Dieser Mann hat sich lebenslang der schwarzen Kunst verschrieben. Erst Sportreporter, gibt er bald zwei anspruchsvolle Zeitschriften heraus, liest täglich mehrere Journale aus Europa und den USA, schneidet Artikel aus und steckt sie in gebrauchte Briefumschläge, die überall in seiner Berliner Wohnung herumliegen.

Dieser Mann hat sich lebenslang der schwarzen Kunst verschrieben. Erst Sportreporter, gibt er bald zwei anspruchsvolle Zeitschriften heraus, liest täglich mehrere Journale aus Europa und den USA, schneidet Artikel aus und steckt sie in gebrauchte Briefumschläge, die überall in seiner Berliner Wohnung herumliegen. Jetzt hat Melvin J. Lasky das Material gesichtet: Der erste Band von "Language of Journalism" über Zeitungskultur ist in Oxford erschienen.

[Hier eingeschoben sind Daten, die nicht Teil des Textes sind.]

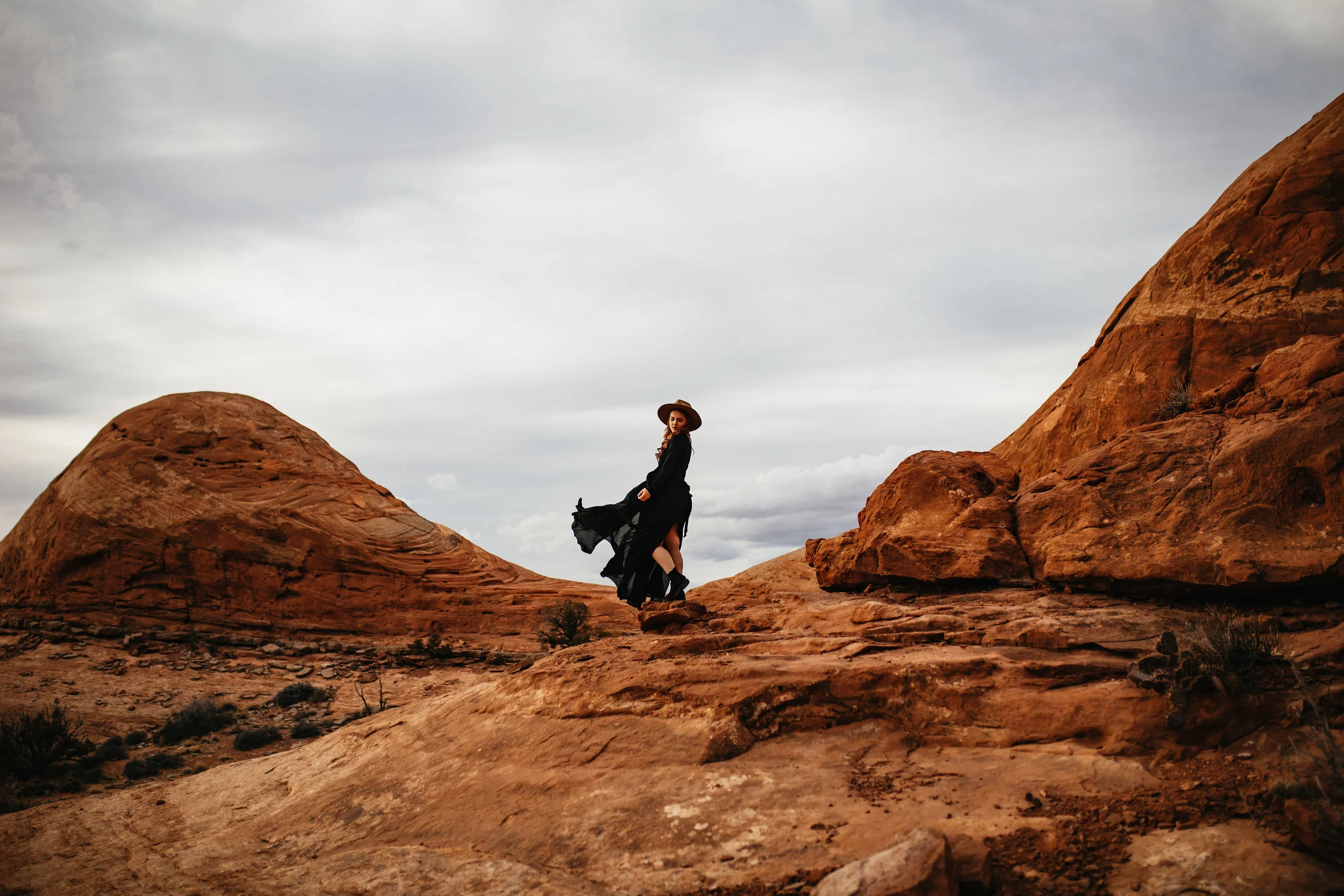 Moody skies in Moab, Utah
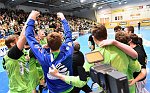 28.04.2017,  Krems,  Handball,  Handball Liga Austria,  HLA, 3.VF,  UHK Krems,  SG Westwien<br>Siegesjubel Westwien<br><br><br>Copyright DIENER / Zierlinger <br>Marktgasse 3-7 / 4 / 5 / 21<br>A-1090 Wien<br>Telefax +43 1 955 32 35<br>Mobil +43 676 629 98 51<br>BA-CA<br>Bank Nr. 12000<br>Account Nr. 00712 223 783<br>e-mail: agentur@diener.at<br>Datenbank: www.diener.at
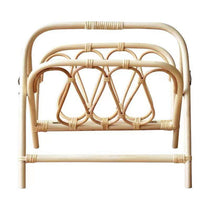 Porta riviste in rattan stile giapponese - Come Moon 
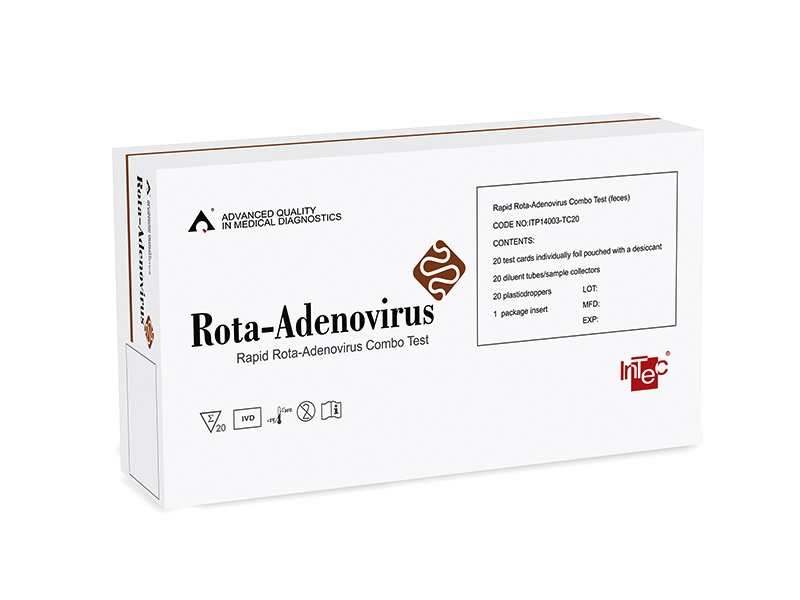 Teste rápido combinado de rota-adenovírus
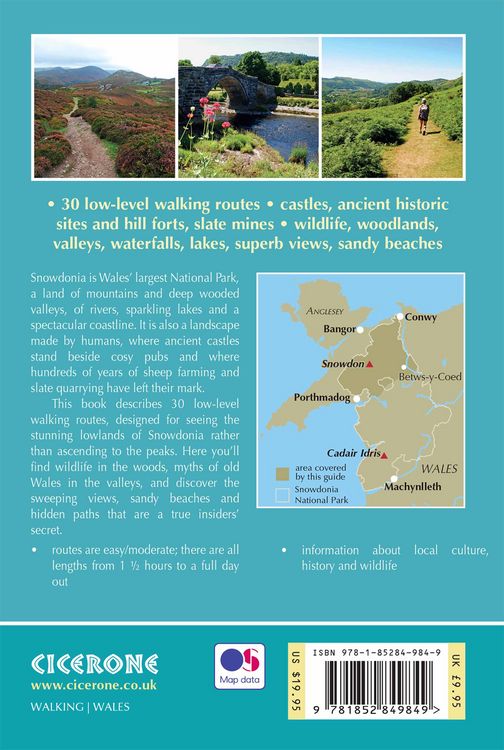 Produktbild: Snowdonia: 30 Low-level and Easy Walks - North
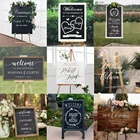 Свадебный знак, декор Добро пожаловать в свадьбу, индивидуальное имя, настенная роспись, свадебные настенные наклейки сделай сам HY9986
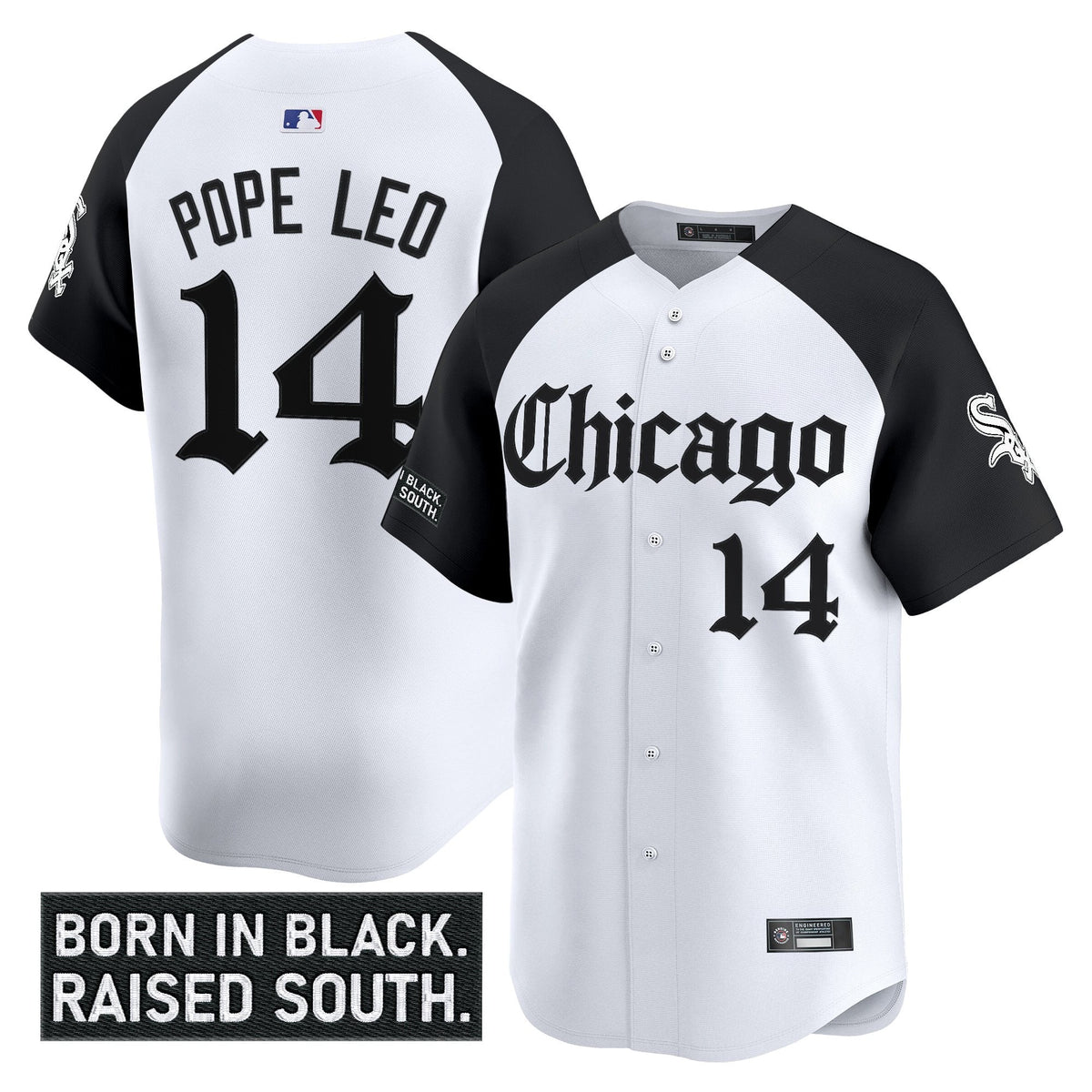 Men's Chicago White Sox 'Gothic South Side Edition' Vapor Premier Limited Jersey - All Stitched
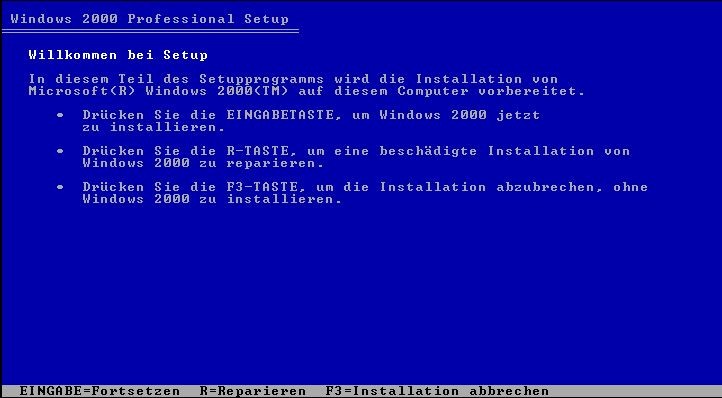 Schönes NT-Blau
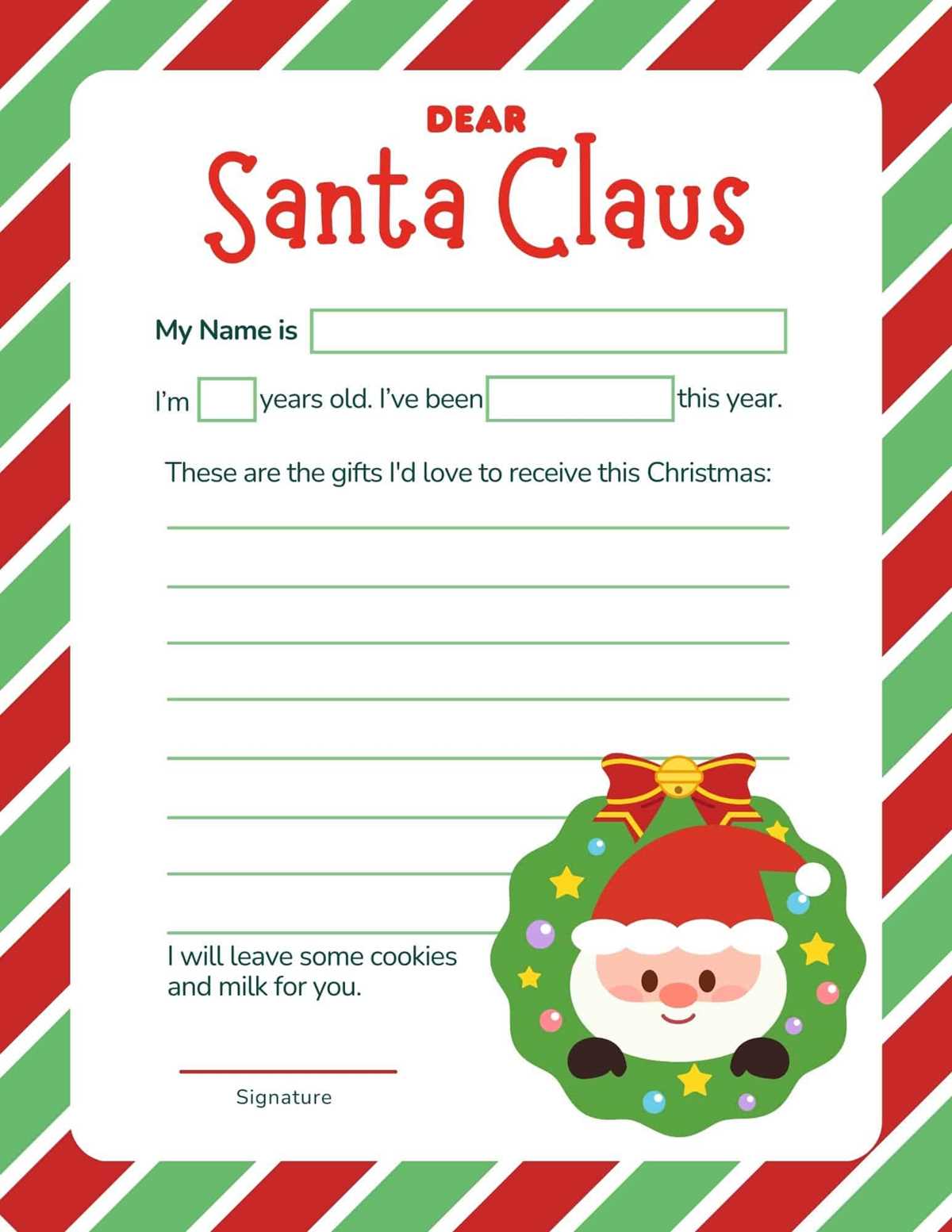 free printable letter from santa template word free printable letter from santa template word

Weil Lasky neben den Zeitungen der Welt auch die Welt der Zeitungen kennt, füllte sich das Literaturhaus mit Freunden und ehemaligen Mitarbeitern. Ihnen musste der Mann nicht vorgestellt werden, der 1945 mit der US-Armee nach Berlin gekommen und 1948 die Zeitschrift "Der Monat" gegründet hatte, in der Arthur Koestler, George Orwell, Raymond Aron und viele andere schrieben. 1958 wechselte Lasky zum Londoner "Encounter" und kehrte 1982 zum "Monat" zurück, der 1986 eigestellt wurde.

Dieses Intellektuellenleben hat nur einen Makel, und auf ihn kommt Marko Martin, Herausgeber eines "Monats"-Reprints, gleich zu sprechen. Er polemisiert - ohne Namensnennung, jeder kennt das Buch von Frances S. Saunders - gegen die Verurteilung des antikommunistischen "Monat", der von der CIA finanziert worden war. "Wer kennt die Zeitungen, der nur die Zeitungen kennt" - dieser Satz aus dem Vorwort seines Buches, das Lasky anschließend vorlas, sollte gewiss kein Kommentar sein.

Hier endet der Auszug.